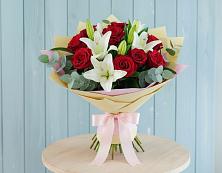 Букет цветов из:  Лилии и Розы в Российском Краснодарский край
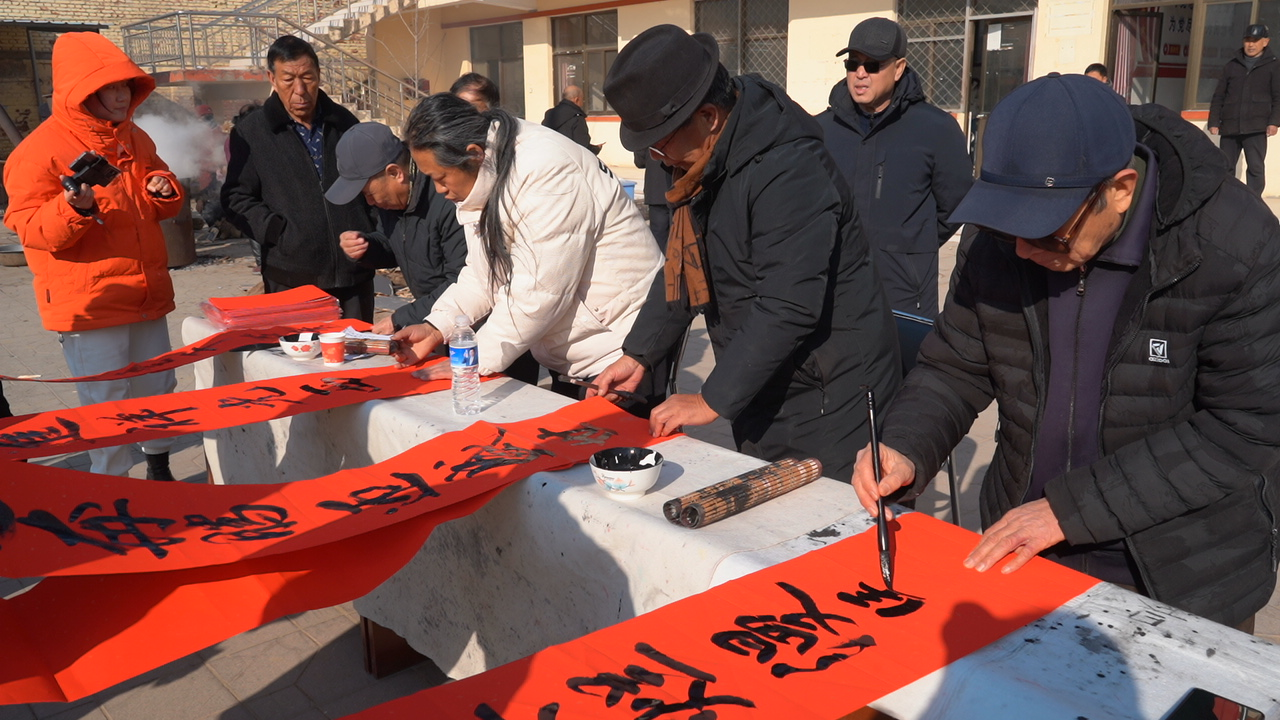 河北曲陽：粥暖臘八傳古韻 情係桑榆繪新篇_fororder_圖片 1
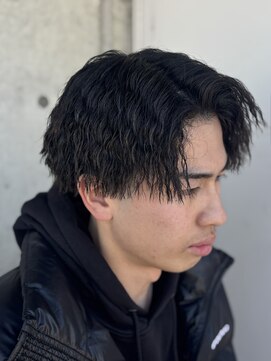 スウェル 稲毛店(Swell) MEN’S HAIR/サーフカール/刈り上げセンターパート/ツイスト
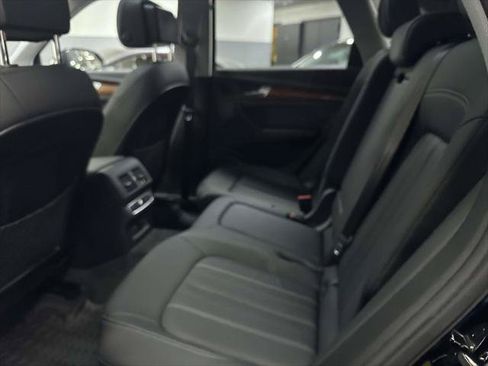 Used 2023 Audi Q5 2.0T Premium Plus w/ Convenience Package AWD/4WD image 13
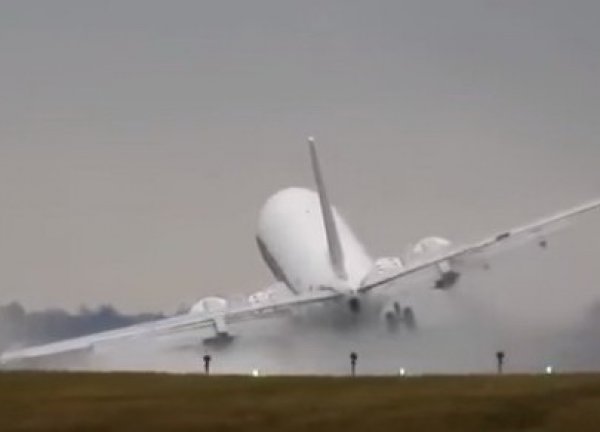 Youtube "взорвало" ВИДЕО посадки самолета в Праге при сильном ветре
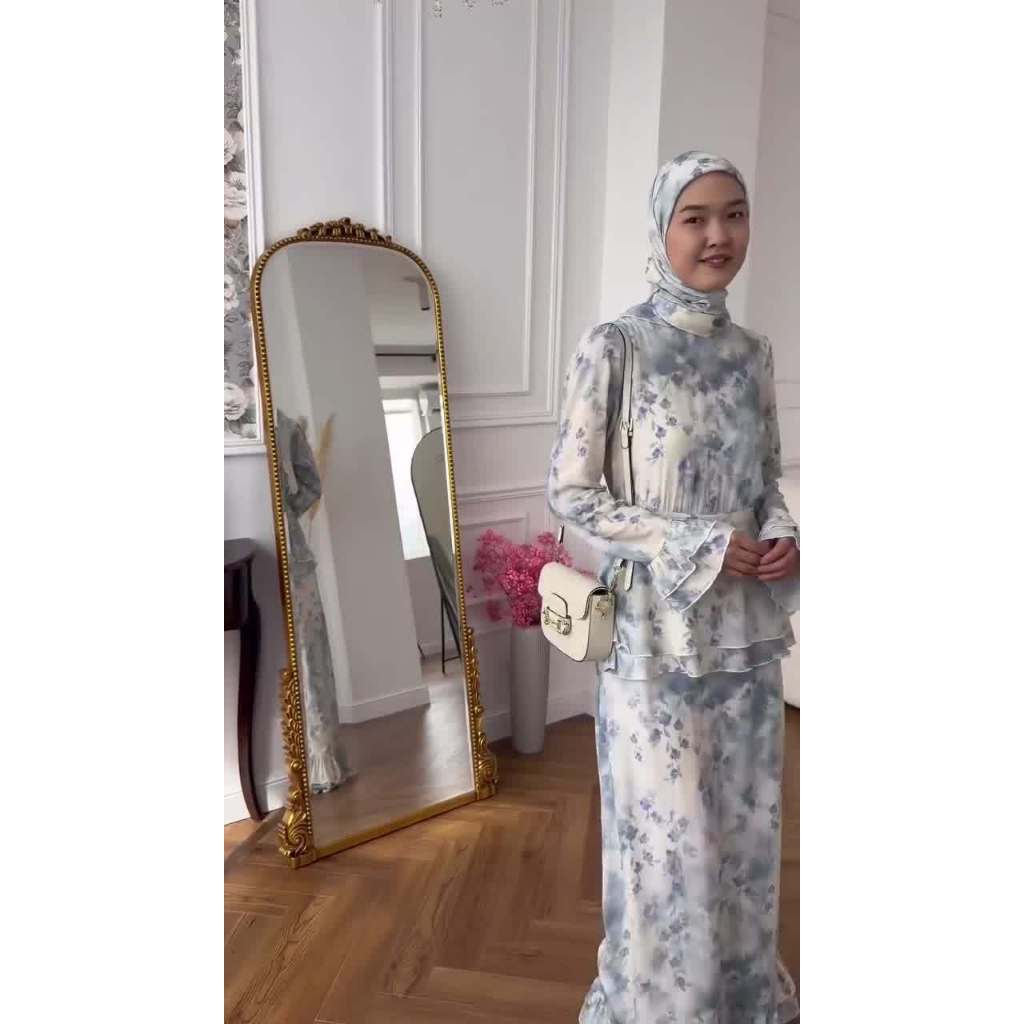 Graceful Majesty: Elegant Long-Sleeve Maxi Dress – A Fresh Fusion of Modesty & Style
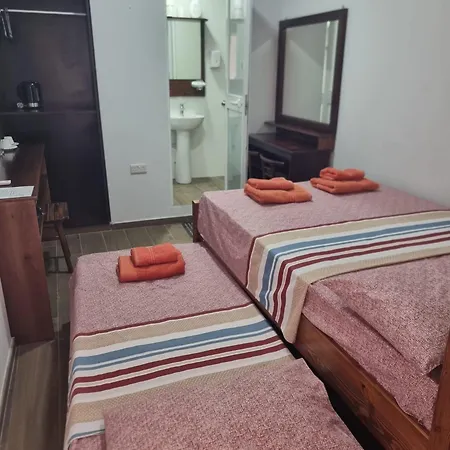 - Double Maison d'hôtes 3*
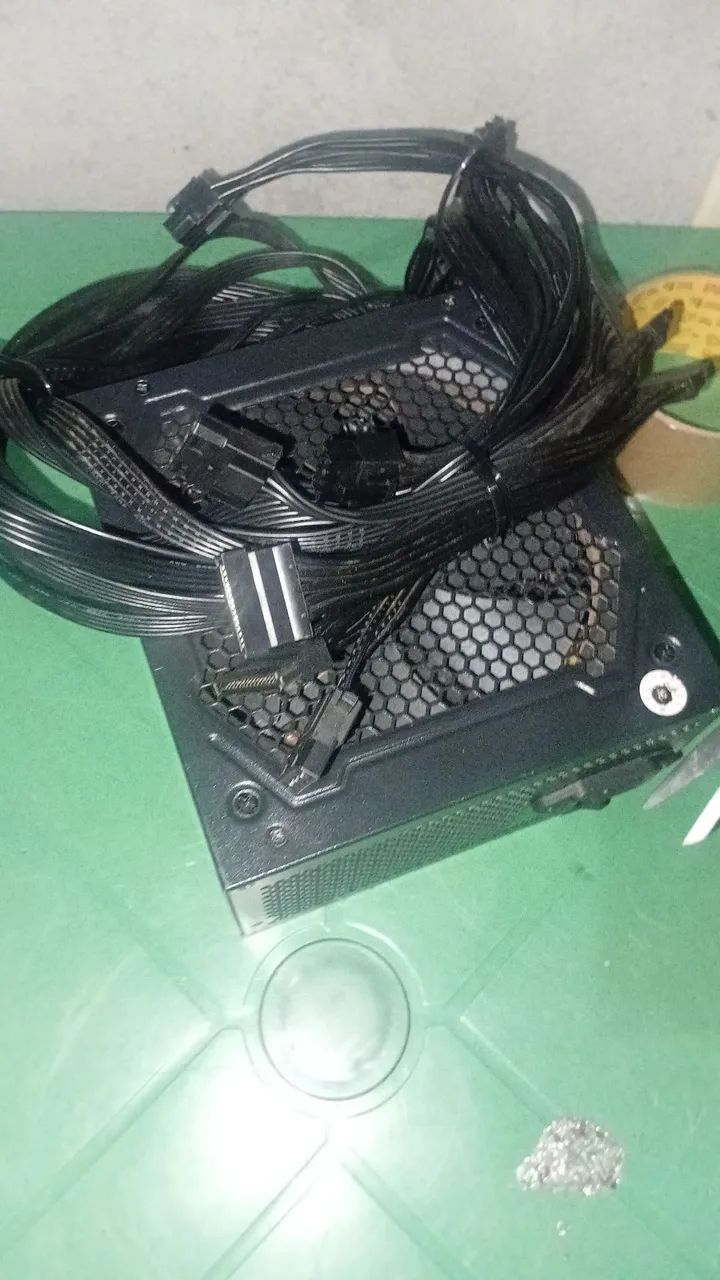 Fonte REDRAGON RGPS 500W 80 Plus Bronze | Com coil whine - Foto 2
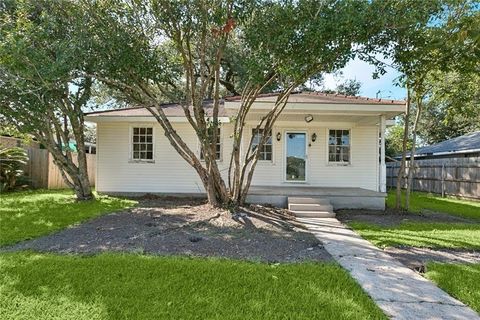 157 DESTREHAN Drive Destrehan LA 70047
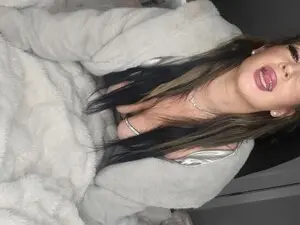 Stunnaagirll  live sex cam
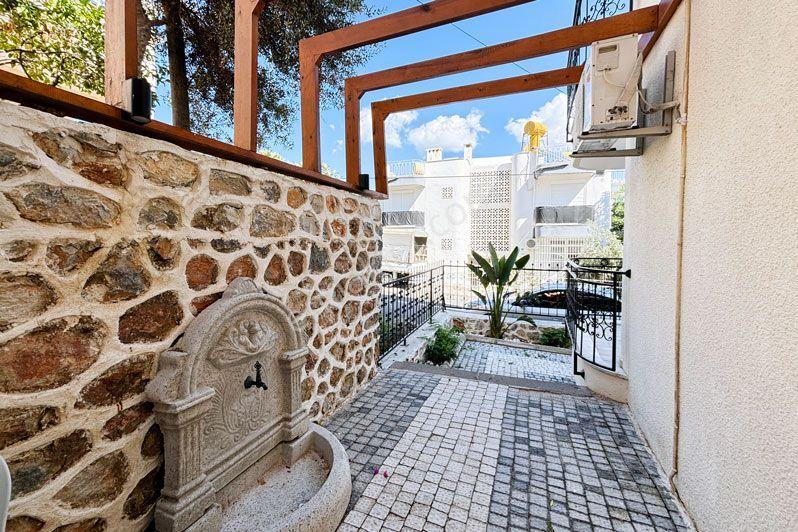 Kale De Satılık Ayrı Mutfak 1+1 Eşyalı Daire - Görsel 27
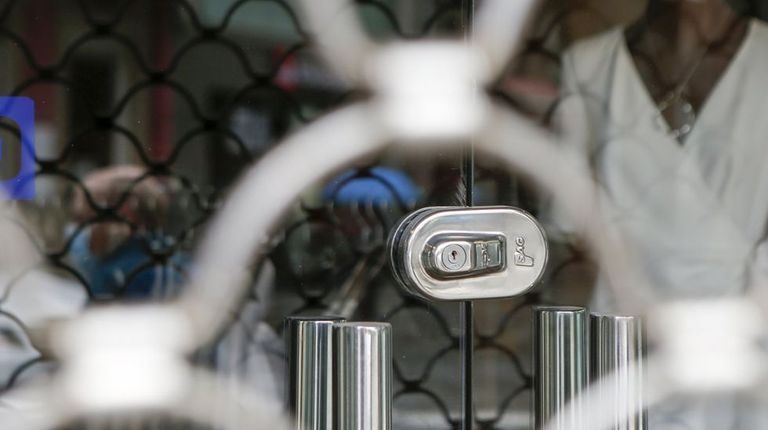 Más de 13.500 comercios bajan la persiana en España en 2025, una media de 1.132 al mes, según UPTA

- _Your instructions_
Only the pictures stay out; everything else in the listing above must be repeated exactly.

- _Output for this task_
 Букет цветов из:  Лилии и Розы в Российском Краснодарский край
 河北曲陽：粥暖臘八傳古韻 情係桑榆繪新篇_fororder_圖片 1
 スウェル 稲毛店(Swell) MEN’S HAIR/サーフカール/刈り上げセンターパート/ツイスト
 Used 2023 Audi Q5 2.0T Premium Plus w/ Convenience Package AWD/4WD image 13
 Youtube "взорвало" ВИДЕО посадки самолета в Праге при сильном ветре
 Graceful Majesty: Elegant Long-Sleeve Maxi Dress – A Fresh Fusion of Modesty & Style
 - Double Maison d'hôtes 3*
 Fonte REDRAGON RGPS 500W 80 Plus Bronze | Com coil whine - Foto 2
 157 DESTREHAN Drive Destrehan LA 70047
 Stunnaagirll  live sex cam
 Kale De Satılık Ayrı Mutfak 1+1 Eşyalı Daire - Görsel 27
 Más de 13.500 comercios bajan la persiana en España en 2025, una media de 1.132 al mes, según UPTA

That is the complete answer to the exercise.